> WHAT IS EXPECTED: Repeat word for word the lines from the top of the records through the line containing "Patra Paisley Brocade Blazer", and skip the pictures.

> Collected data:

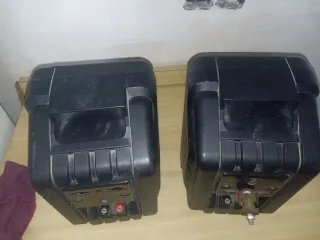 Pareja de altavoces JBL Control CM52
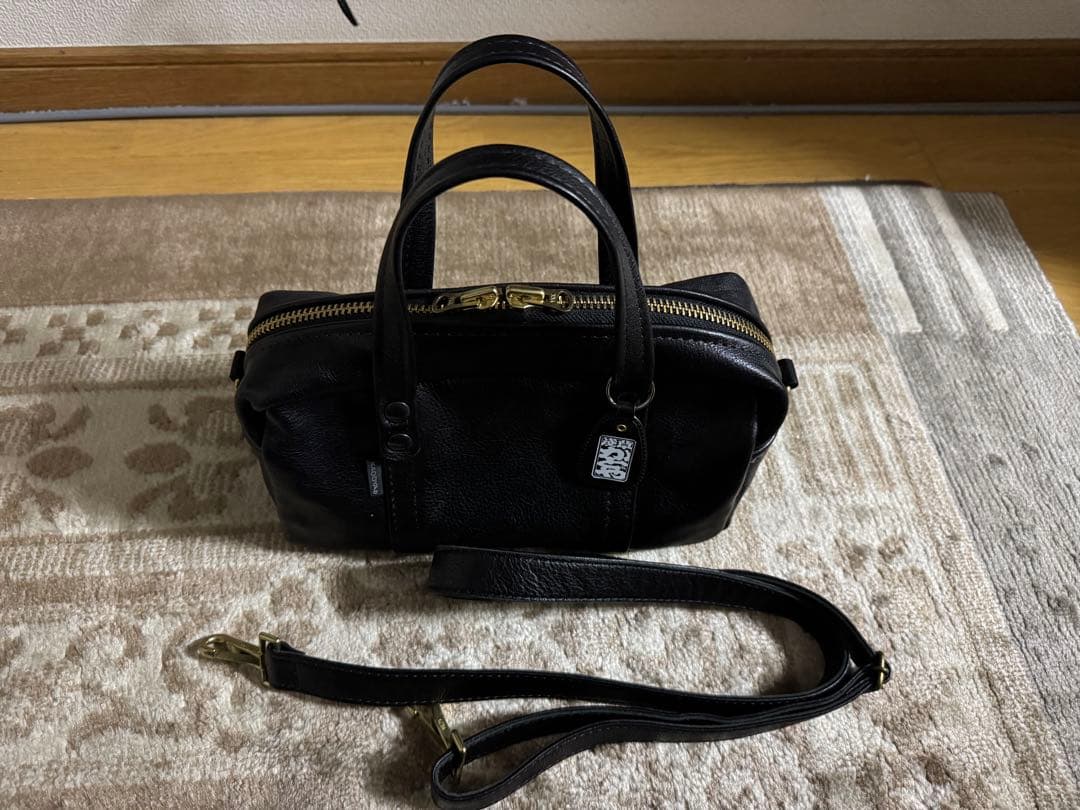 KM/MINI BOSTON - OV / ブラック/ゴールド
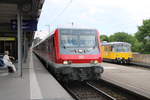 Wittenberger Steuerwagen mit 111 163 als RE 19915 nach Nürnberg in Stuttgart Hbf
am 4.6.17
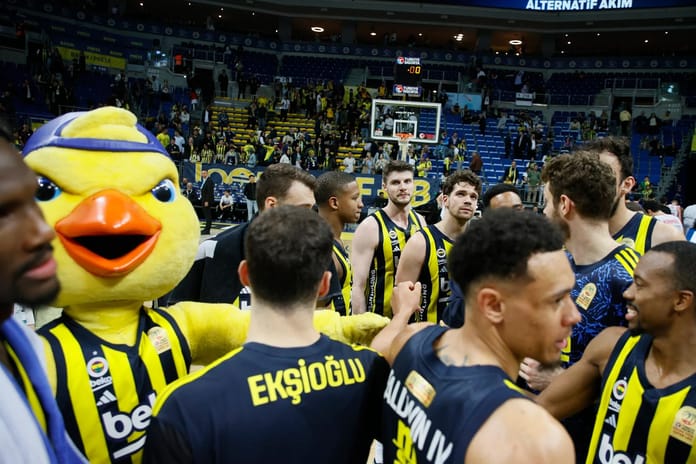 Fenerbahçe, normal sezonun bitimine 2 hafta kala liderliği garantiledi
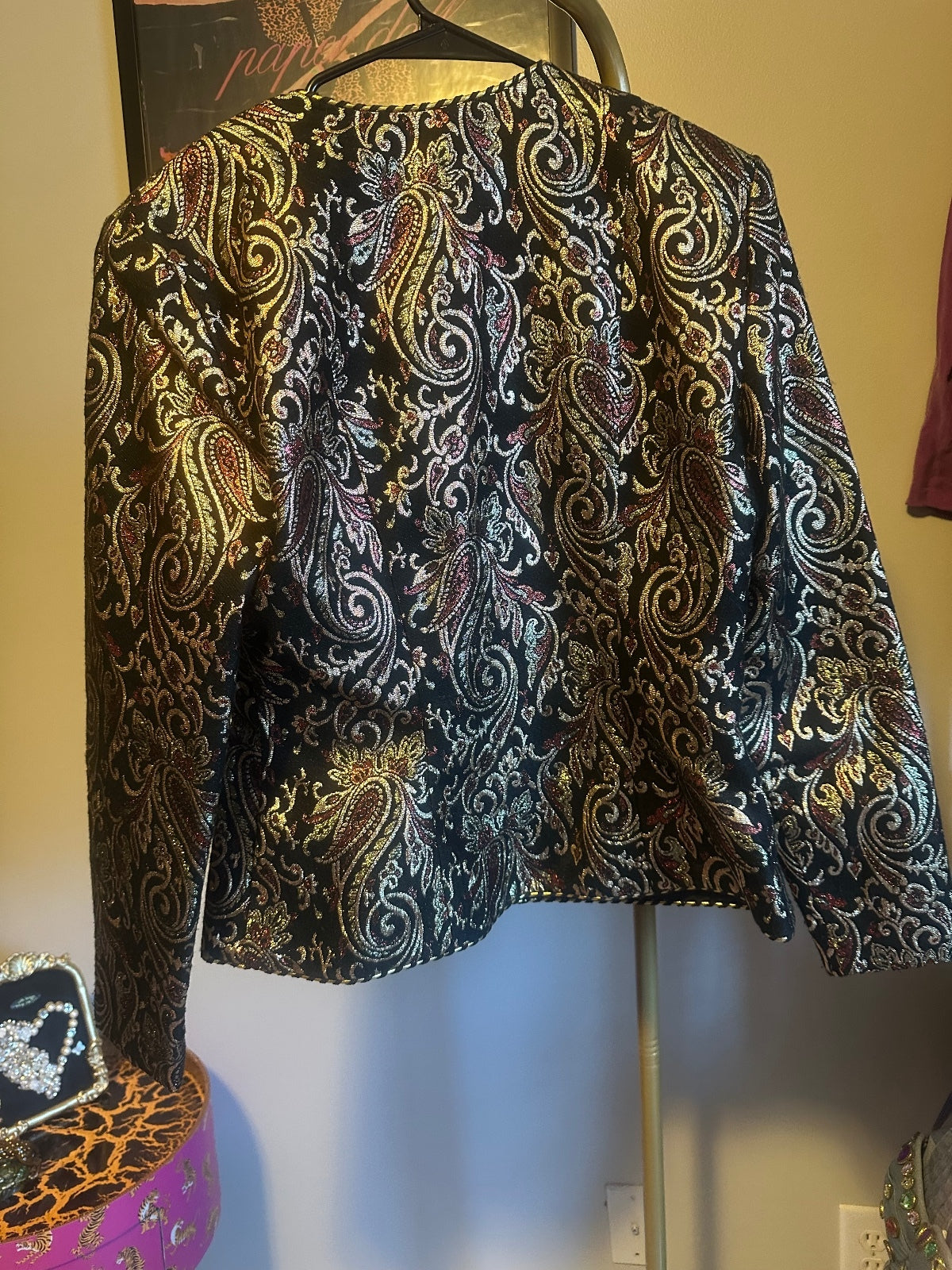 Patra Paisley Brocade Blazer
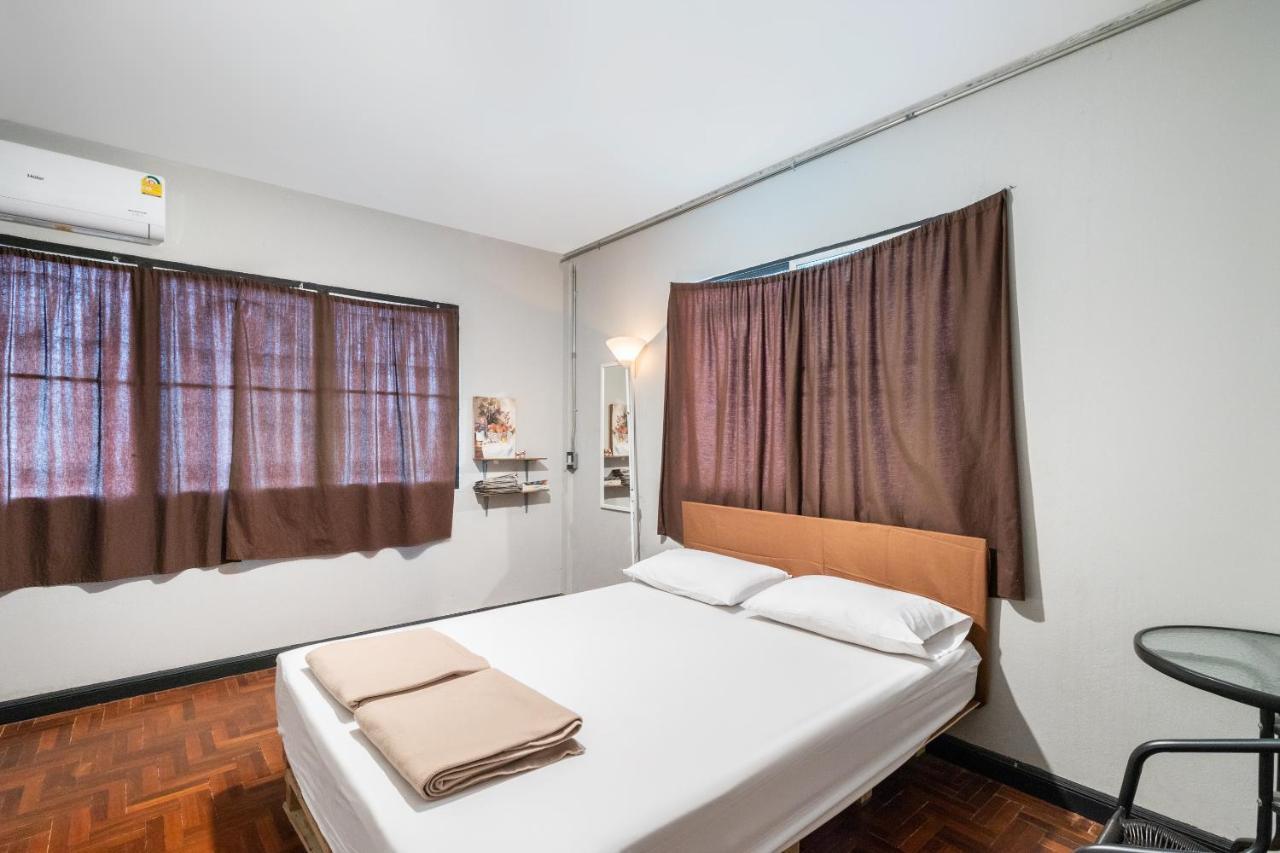 Oyo 677 Le Loftel Hostel Чіангмай Екстер'єр фото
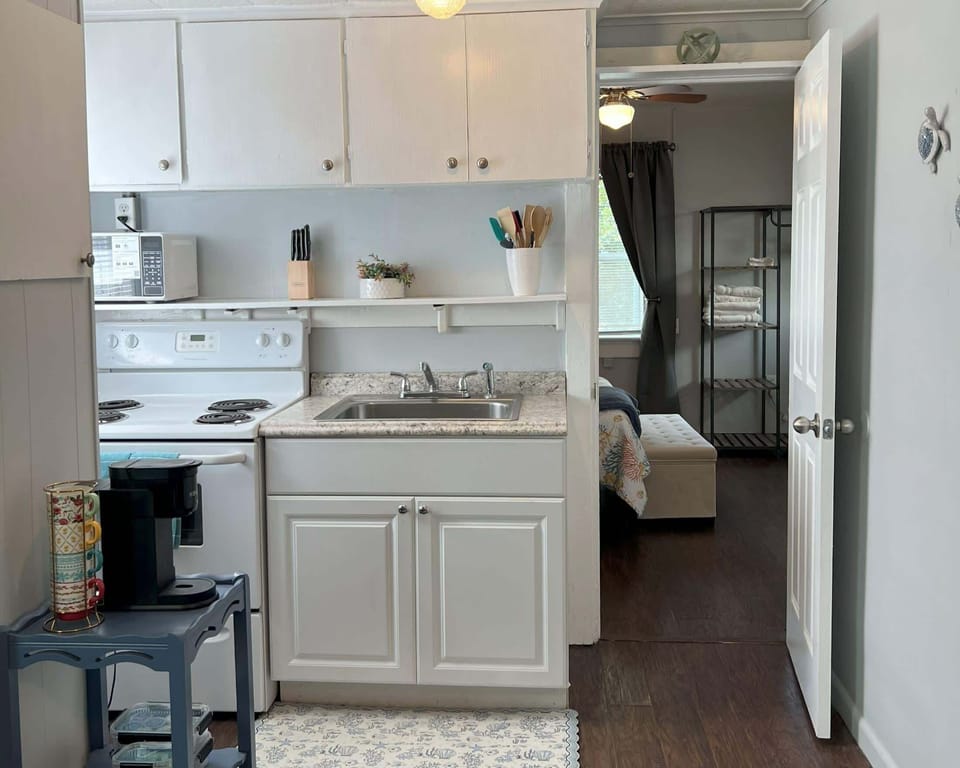House, 1 Queen Bed, Kitchen, Garden View (Crestview Cottage 1) | Private kitchen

> RESULT FOR THIS EXERCISE:
 Pareja de altavoces JBL Control CM52
 KM/MINI BOSTON - OV / ブラック/ゴールド
 Wittenberger Steuerwagen mit 111 163 als RE 19915 nach Nürnberg in Stuttgart Hbf
am 4.6.17
 Fenerbahçe, normal sezonun bitimine 2 hafta kala liderliği garantiledi
 Patra Paisley Brocade Blazer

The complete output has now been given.